Reality has a different story to tell and the Supreme Court ruling, no matter how revolutionary it seems, is simply theoretical from every aspect. For my part, I do feel that the Supreme Court ruling is a tad self contradictory in nature. How does a transgender who happens to have a “basic right” in choosing her/his gender still have to classify herself/himself in the ‘Other’ category and not male or female? If the “basic right” does happen to exist, then why does the third category have to be introduced at all? However, this rule might bring about change as most of the people would have hoped. And as they say, every cloud has a silver lining.

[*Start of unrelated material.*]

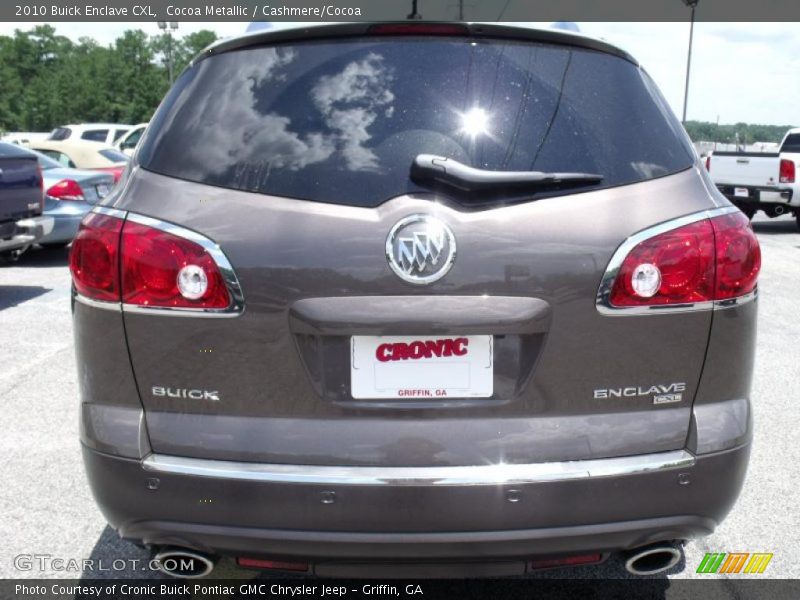 Cocoa Metallic / Cashmere/Cocoa 2010 Buick Enclave CXL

It is 2015 and a year has gone by. While people in India celebrate the legalization of same-sex marriage in USA, how do they fare when it comes to treating their own? The same Supreme Court which has passed the legal recognition for the ‘hijras’ has stay put on the Article 377 under the IPC. A contradiction again. And where do the ‘hijras’ stand? We might not be able to survey the entire country’s population of two million transgenders, transvestites etc. But from the little that I happen to see from my surroundings, I have to admit that their condition is as appalling as it has always been. Society still holds no place for these people. Oh wait. Are they ‘people’ at all?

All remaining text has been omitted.